The United States is not getting Chip+PIN cards. No worries there!! Nope. The banks have decided we don’t want anymore PINs. We are getting Chip & Sign. When you use the card, you sign the pad, just like with the cards with strips. Also means a thief with your card can just squiggle anything and not have to doctor up the card like them Belgian thieves.

I oftentimes sign the pad with a smiley face.

Note to Americans going elsewhere - your chip card will work, but instead of entering a PIN, you get a piece of paper to sign. Not a big deal, but it does prevent you from using your credit card at automated machines more often than not, like at unmanned gas stations.


#15

Canadian money is issued by tire shops instead of banks? Cool!


#16

The pin is verified on the card to deal with times where you can’t access the bank - e.g. a moving train or plane will have periods without signal.

The card verifying the pin isn’t necessarily a bad thing, however the fact that the response apparently doesn’t need signing with something allows man in the middle attacks like this.

Security is hard. Anyone can write a system they cannot break. Writing one that no one else can is very tricky


#17

Security his hard, but verifying the PIN on the piece of equipment that can easily be faked is stupid. It’s the whole DRM thing all over again. If you give someone a DRM’d file, then you will always be able to break the DRM, usually pretty easy. It’s much safer to make people play on your servers, and check all their authentications with the hardware you own. That’s why CS:GO doesn’t really have much of a problem with people trying to play for free with a cracked copy of the game, while downloaded music and video with DRM baked into the file is essentially pointless.


#18

I did encounter one place in Australia a few years ago where the cashier was confused by the idea that my (Anerican) credit card didn’t have a PIN.

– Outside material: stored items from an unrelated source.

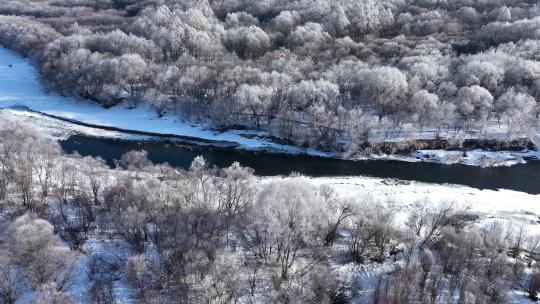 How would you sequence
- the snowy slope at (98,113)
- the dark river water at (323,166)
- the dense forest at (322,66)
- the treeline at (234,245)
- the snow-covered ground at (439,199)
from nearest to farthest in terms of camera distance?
the treeline at (234,245)
the snow-covered ground at (439,199)
the dark river water at (323,166)
the dense forest at (322,66)
the snowy slope at (98,113)

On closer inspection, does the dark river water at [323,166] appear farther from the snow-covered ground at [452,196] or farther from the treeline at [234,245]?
the treeline at [234,245]

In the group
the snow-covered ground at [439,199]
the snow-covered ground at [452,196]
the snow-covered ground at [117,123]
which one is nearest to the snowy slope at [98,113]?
the snow-covered ground at [117,123]

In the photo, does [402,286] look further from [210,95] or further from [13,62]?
[13,62]

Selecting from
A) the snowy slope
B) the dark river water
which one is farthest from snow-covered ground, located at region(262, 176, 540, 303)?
the snowy slope

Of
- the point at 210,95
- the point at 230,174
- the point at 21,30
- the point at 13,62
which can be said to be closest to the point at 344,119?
the point at 210,95

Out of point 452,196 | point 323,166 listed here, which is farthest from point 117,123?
point 452,196

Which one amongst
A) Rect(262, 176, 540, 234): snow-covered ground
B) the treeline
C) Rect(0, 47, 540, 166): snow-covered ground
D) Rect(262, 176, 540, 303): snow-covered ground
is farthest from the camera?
Rect(0, 47, 540, 166): snow-covered ground

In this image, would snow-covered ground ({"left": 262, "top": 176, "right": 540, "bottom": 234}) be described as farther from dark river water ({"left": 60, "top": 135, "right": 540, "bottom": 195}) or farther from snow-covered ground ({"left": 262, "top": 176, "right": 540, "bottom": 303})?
dark river water ({"left": 60, "top": 135, "right": 540, "bottom": 195}) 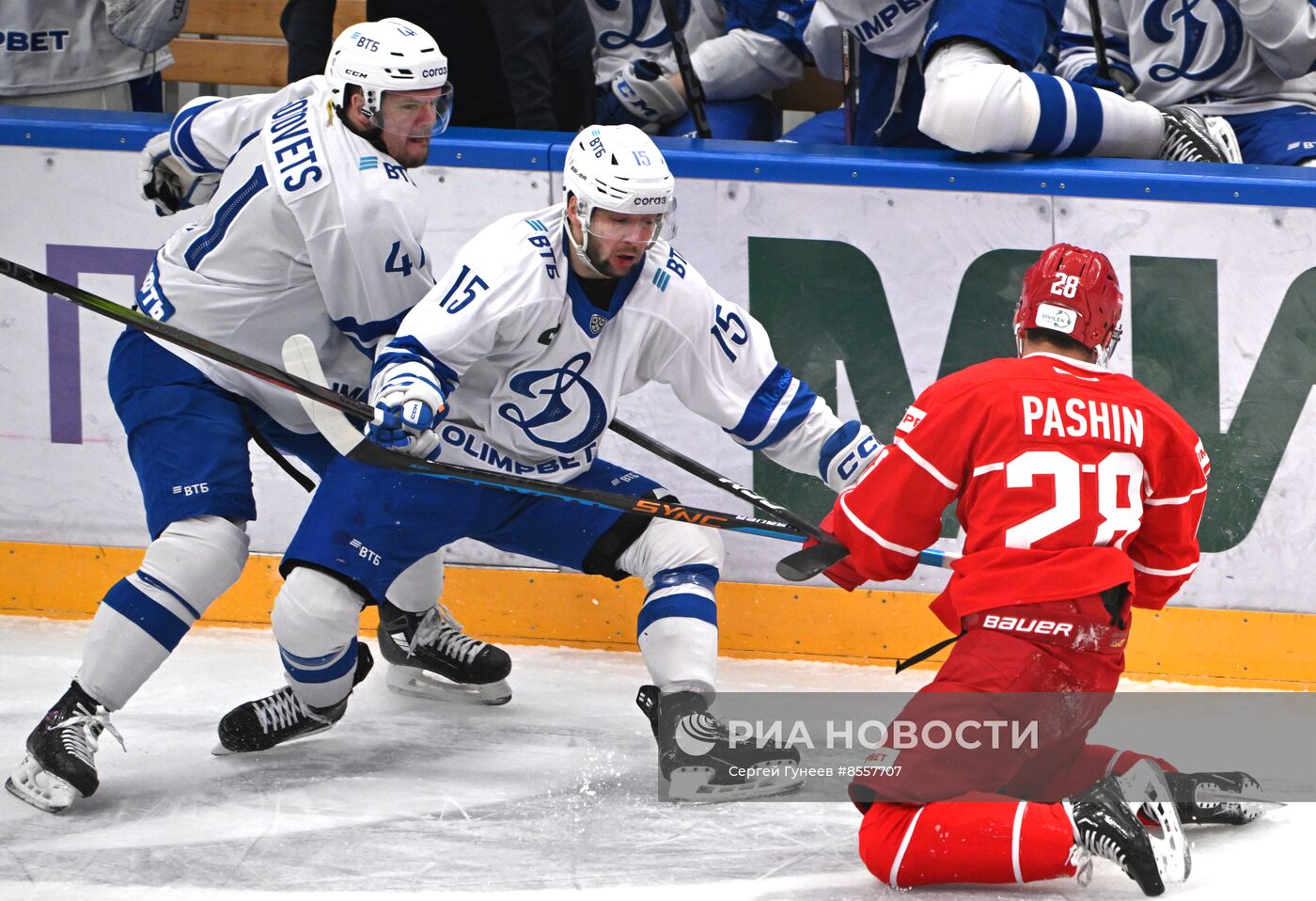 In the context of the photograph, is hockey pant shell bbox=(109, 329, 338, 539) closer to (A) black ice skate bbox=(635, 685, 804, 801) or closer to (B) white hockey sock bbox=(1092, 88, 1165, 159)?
(A) black ice skate bbox=(635, 685, 804, 801)

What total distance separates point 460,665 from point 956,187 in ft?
4.27

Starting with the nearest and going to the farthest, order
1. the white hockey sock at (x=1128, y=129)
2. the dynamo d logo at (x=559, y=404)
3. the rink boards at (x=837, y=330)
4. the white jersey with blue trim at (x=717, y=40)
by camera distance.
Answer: the dynamo d logo at (x=559, y=404) < the rink boards at (x=837, y=330) < the white hockey sock at (x=1128, y=129) < the white jersey with blue trim at (x=717, y=40)

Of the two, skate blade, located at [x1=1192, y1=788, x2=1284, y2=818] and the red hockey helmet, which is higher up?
the red hockey helmet

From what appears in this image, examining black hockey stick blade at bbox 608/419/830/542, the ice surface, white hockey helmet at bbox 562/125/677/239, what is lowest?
the ice surface

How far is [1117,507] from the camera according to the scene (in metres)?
2.47

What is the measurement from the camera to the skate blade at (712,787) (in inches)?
112

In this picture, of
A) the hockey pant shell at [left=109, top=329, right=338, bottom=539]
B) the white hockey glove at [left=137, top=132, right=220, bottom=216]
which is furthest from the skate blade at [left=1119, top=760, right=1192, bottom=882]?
the white hockey glove at [left=137, top=132, right=220, bottom=216]

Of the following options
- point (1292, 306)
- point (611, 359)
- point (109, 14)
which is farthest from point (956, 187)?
point (109, 14)

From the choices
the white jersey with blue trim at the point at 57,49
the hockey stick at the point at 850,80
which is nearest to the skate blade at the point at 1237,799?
the hockey stick at the point at 850,80

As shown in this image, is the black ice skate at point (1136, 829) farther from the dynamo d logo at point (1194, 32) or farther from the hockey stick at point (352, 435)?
the dynamo d logo at point (1194, 32)

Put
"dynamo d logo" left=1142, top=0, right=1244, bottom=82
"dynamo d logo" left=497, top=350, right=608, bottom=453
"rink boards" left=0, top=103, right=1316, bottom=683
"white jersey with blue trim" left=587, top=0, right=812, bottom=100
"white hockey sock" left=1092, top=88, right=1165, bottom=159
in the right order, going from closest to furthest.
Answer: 1. "dynamo d logo" left=497, top=350, right=608, bottom=453
2. "rink boards" left=0, top=103, right=1316, bottom=683
3. "white hockey sock" left=1092, top=88, right=1165, bottom=159
4. "dynamo d logo" left=1142, top=0, right=1244, bottom=82
5. "white jersey with blue trim" left=587, top=0, right=812, bottom=100

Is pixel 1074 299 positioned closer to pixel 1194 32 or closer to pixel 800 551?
pixel 800 551

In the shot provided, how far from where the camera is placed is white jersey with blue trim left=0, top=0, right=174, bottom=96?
158 inches

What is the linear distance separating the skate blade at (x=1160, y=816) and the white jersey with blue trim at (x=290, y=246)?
54.3 inches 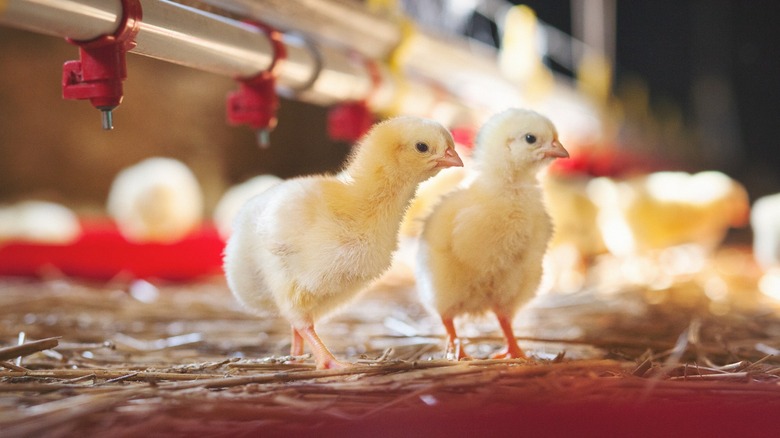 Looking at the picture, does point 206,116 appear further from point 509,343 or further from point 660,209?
point 509,343

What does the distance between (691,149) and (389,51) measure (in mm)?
5768

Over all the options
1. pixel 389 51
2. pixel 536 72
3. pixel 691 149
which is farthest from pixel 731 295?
pixel 691 149

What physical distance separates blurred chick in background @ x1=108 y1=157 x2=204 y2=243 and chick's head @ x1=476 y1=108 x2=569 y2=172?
2195mm

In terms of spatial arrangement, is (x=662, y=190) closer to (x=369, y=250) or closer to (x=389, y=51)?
(x=389, y=51)

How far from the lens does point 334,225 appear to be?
1.17m

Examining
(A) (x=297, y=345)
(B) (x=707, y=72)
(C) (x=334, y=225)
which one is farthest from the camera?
(B) (x=707, y=72)

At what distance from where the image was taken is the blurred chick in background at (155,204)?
10.9 ft

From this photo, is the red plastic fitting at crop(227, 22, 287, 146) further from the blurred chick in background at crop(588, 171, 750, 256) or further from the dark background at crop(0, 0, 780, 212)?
the dark background at crop(0, 0, 780, 212)

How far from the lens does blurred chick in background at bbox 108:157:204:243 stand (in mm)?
3314

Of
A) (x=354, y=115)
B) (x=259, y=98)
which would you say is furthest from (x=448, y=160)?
(x=354, y=115)

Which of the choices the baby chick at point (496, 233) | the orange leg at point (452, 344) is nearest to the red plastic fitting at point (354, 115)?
the baby chick at point (496, 233)

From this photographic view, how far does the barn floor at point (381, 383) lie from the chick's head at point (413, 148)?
30 cm

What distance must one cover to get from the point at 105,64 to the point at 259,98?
1.38 feet

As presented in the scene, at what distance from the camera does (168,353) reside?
1.55 m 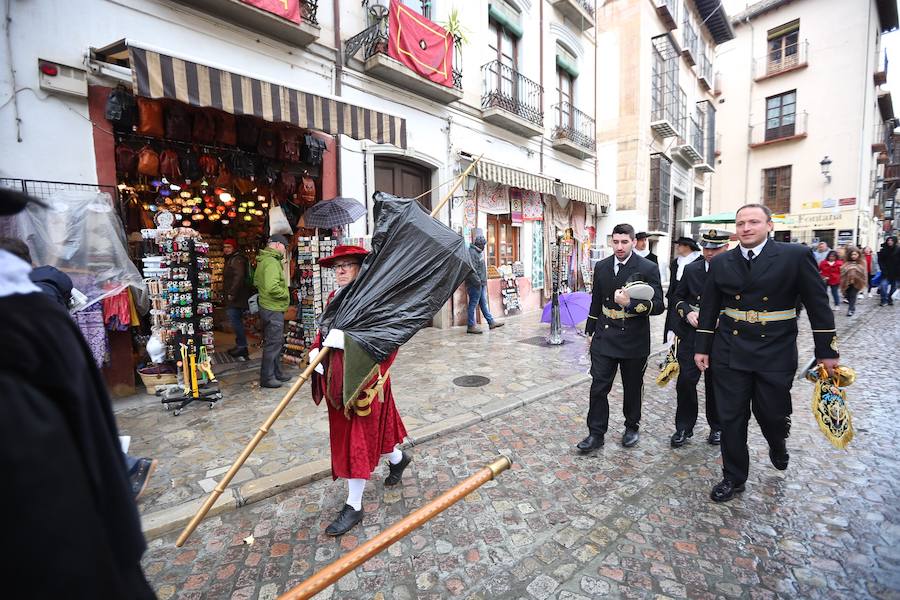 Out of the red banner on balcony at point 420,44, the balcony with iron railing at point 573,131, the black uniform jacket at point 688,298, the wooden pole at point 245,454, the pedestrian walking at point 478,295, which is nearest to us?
the wooden pole at point 245,454

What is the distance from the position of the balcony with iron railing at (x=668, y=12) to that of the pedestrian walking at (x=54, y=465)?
19.5 meters

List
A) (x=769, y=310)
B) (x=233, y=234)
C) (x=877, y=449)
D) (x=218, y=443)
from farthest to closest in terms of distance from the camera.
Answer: (x=233, y=234) → (x=218, y=443) → (x=877, y=449) → (x=769, y=310)

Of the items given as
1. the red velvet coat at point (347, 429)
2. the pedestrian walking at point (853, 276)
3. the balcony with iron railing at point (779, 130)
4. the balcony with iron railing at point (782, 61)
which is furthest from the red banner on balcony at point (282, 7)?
the balcony with iron railing at point (782, 61)

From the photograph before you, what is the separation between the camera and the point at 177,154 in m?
5.83

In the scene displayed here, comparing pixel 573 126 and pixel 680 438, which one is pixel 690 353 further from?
pixel 573 126

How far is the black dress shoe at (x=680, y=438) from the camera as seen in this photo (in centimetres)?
403

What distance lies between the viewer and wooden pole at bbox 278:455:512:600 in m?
1.59

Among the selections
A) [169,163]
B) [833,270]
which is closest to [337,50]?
[169,163]

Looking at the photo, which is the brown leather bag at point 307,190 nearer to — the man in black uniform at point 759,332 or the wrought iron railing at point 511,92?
the wrought iron railing at point 511,92

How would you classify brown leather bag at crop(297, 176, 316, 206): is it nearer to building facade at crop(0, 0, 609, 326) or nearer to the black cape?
building facade at crop(0, 0, 609, 326)

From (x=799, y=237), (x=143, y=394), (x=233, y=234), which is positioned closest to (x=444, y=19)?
(x=233, y=234)

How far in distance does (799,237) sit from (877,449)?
78.6 feet

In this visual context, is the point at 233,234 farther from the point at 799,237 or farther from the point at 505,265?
the point at 799,237

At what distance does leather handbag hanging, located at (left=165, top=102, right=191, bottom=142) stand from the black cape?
559 cm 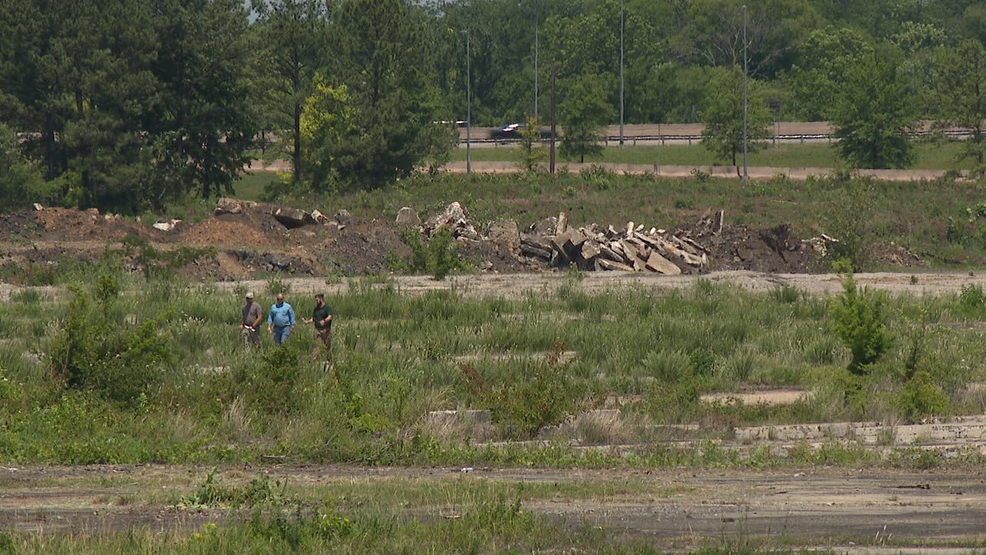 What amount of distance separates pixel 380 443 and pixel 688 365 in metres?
7.41

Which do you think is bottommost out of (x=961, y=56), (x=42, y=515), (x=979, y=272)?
(x=979, y=272)

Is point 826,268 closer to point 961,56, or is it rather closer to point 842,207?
point 842,207

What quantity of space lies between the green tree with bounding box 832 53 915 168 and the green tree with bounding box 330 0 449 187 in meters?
23.8

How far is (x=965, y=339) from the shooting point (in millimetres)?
25516

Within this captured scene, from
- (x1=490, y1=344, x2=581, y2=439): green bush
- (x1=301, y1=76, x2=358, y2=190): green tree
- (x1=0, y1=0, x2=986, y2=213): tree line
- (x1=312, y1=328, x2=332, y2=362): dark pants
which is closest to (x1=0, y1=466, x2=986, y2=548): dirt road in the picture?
(x1=490, y1=344, x2=581, y2=439): green bush

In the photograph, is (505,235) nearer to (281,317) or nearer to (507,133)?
(281,317)

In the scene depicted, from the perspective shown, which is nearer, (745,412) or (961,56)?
(745,412)

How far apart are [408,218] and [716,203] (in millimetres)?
15918

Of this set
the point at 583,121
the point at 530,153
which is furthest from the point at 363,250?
the point at 583,121

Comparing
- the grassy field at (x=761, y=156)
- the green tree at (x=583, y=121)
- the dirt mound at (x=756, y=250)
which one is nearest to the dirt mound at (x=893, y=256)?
the dirt mound at (x=756, y=250)

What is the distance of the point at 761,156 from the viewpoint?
8494 cm

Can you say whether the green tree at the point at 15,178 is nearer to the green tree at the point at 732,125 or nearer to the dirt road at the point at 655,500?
the green tree at the point at 732,125

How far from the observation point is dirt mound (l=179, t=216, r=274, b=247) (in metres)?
45.5

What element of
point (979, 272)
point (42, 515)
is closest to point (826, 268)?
point (979, 272) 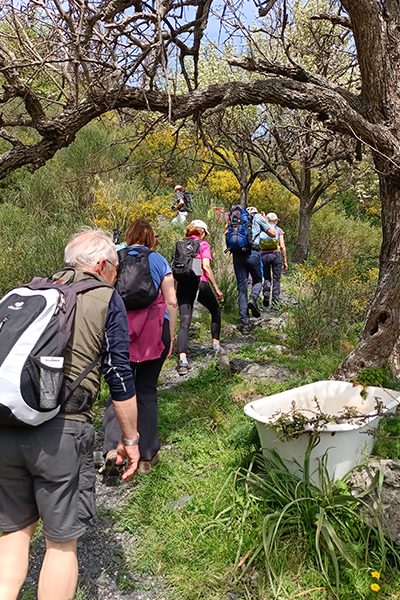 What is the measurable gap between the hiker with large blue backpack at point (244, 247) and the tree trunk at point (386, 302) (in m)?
3.13

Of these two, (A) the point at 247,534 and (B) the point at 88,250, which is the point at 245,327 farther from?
(B) the point at 88,250

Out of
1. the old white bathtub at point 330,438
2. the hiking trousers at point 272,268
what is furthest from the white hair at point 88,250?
the hiking trousers at point 272,268

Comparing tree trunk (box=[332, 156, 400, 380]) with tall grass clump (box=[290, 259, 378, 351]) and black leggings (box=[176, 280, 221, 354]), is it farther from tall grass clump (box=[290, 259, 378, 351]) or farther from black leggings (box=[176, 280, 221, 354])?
black leggings (box=[176, 280, 221, 354])

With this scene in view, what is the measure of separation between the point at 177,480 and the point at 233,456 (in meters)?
0.47

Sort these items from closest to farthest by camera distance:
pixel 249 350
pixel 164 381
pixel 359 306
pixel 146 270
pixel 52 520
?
pixel 52 520
pixel 146 270
pixel 164 381
pixel 249 350
pixel 359 306

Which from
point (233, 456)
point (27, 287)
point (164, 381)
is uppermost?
point (27, 287)

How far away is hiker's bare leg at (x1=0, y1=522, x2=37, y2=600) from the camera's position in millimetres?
1781

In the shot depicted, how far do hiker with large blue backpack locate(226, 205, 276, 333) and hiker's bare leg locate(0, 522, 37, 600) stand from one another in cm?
543

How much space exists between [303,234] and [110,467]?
10877mm

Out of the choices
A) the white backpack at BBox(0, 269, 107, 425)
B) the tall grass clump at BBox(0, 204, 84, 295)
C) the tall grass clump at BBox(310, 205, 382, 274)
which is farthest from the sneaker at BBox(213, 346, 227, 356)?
the tall grass clump at BBox(310, 205, 382, 274)

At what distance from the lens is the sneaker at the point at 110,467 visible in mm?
3233

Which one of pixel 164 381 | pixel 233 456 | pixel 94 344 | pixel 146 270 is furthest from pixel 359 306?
pixel 94 344

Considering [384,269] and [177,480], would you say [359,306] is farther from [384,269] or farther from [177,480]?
[177,480]

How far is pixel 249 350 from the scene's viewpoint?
6023 millimetres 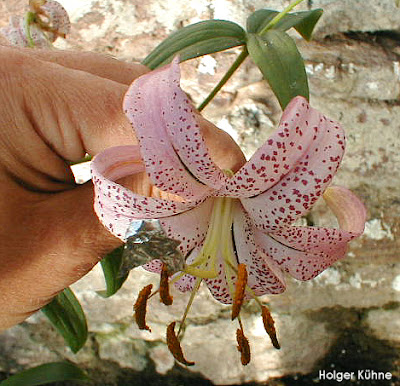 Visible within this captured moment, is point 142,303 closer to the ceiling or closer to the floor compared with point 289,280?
closer to the ceiling

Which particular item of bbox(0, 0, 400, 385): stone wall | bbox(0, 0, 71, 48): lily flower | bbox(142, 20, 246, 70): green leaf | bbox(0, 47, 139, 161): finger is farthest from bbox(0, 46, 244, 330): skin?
bbox(0, 0, 400, 385): stone wall

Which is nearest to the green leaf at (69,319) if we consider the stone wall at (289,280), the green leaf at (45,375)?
the green leaf at (45,375)

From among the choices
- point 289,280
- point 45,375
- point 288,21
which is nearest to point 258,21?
point 288,21

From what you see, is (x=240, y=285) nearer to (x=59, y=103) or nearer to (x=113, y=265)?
(x=59, y=103)

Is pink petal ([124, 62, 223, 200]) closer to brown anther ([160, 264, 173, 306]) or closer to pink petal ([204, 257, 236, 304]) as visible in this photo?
brown anther ([160, 264, 173, 306])

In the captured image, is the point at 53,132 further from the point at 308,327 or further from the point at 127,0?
the point at 308,327

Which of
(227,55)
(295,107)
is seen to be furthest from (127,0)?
(295,107) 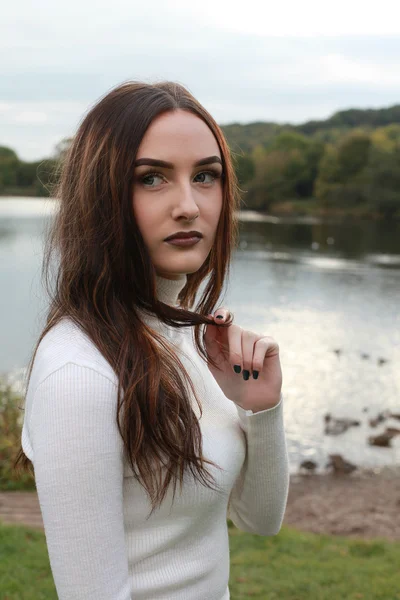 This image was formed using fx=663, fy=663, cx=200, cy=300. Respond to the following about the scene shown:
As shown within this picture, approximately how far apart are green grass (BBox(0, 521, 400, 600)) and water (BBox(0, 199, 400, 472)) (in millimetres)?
1526

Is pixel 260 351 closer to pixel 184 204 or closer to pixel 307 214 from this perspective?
pixel 184 204

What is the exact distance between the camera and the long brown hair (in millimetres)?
1213

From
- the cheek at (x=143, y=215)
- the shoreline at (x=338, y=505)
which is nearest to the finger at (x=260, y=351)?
the cheek at (x=143, y=215)

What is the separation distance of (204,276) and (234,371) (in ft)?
0.98

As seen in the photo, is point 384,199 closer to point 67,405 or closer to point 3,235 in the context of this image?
point 3,235

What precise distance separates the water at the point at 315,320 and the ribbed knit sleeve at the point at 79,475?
2.36 feet

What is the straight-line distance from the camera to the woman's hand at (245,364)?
4.70 feet

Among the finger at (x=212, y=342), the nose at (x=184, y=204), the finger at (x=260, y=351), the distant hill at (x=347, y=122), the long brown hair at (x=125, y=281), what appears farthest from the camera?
the distant hill at (x=347, y=122)

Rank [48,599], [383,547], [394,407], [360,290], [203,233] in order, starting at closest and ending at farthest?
[203,233], [48,599], [383,547], [394,407], [360,290]

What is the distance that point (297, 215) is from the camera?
6131 centimetres

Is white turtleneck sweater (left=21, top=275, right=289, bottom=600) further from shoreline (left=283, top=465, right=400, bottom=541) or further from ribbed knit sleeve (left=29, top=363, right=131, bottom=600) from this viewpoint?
shoreline (left=283, top=465, right=400, bottom=541)

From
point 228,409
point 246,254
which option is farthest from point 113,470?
point 246,254

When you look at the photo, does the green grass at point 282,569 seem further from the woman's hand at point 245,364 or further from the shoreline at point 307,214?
the shoreline at point 307,214

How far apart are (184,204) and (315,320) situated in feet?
57.8
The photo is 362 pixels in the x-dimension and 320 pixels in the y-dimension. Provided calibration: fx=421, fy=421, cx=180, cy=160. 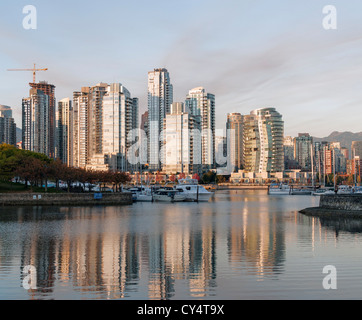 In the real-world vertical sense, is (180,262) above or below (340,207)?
below

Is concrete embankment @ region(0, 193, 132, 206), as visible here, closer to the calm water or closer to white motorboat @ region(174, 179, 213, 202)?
white motorboat @ region(174, 179, 213, 202)

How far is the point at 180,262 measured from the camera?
22.9 metres

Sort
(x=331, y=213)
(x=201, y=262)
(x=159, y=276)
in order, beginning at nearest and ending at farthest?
(x=159, y=276)
(x=201, y=262)
(x=331, y=213)

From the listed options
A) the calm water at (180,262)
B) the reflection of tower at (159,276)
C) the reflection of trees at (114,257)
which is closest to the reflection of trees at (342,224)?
the calm water at (180,262)

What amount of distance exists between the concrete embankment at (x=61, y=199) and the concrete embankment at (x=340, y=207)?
126 feet

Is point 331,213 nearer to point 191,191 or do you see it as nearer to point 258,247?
point 258,247

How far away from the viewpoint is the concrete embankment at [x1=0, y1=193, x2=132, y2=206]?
69.7 m

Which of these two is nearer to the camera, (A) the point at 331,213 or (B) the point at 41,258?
(B) the point at 41,258

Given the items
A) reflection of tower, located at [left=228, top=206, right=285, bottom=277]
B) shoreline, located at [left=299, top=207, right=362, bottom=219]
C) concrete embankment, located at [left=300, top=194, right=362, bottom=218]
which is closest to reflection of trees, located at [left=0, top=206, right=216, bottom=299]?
A: reflection of tower, located at [left=228, top=206, right=285, bottom=277]

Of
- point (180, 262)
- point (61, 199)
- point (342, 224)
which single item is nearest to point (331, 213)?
point (342, 224)

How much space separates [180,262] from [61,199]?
54534 millimetres

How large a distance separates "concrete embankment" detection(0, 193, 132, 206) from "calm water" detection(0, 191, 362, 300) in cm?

Also, recently I went to a pharmacy in the Netherlands that only took Mastercard (odd), which unfortunately at the time was the only one of my credit cards not to have a chip, so I had to go to the ATM and pay a worse exchange rate. The next morning I got an email that the issuer had just mailed me a chip enabled card.


#19

Also, it’s easier to design a lock which cannot be opened at all, than one which can only be opened by a specific party.

I prefer the former.


#20

ಠ_ಠ

Everyone knows, Everyone. If they have physical access to the hardware, you cannot trust it hasn’t been compromised. WTF were they thinking trusting the card?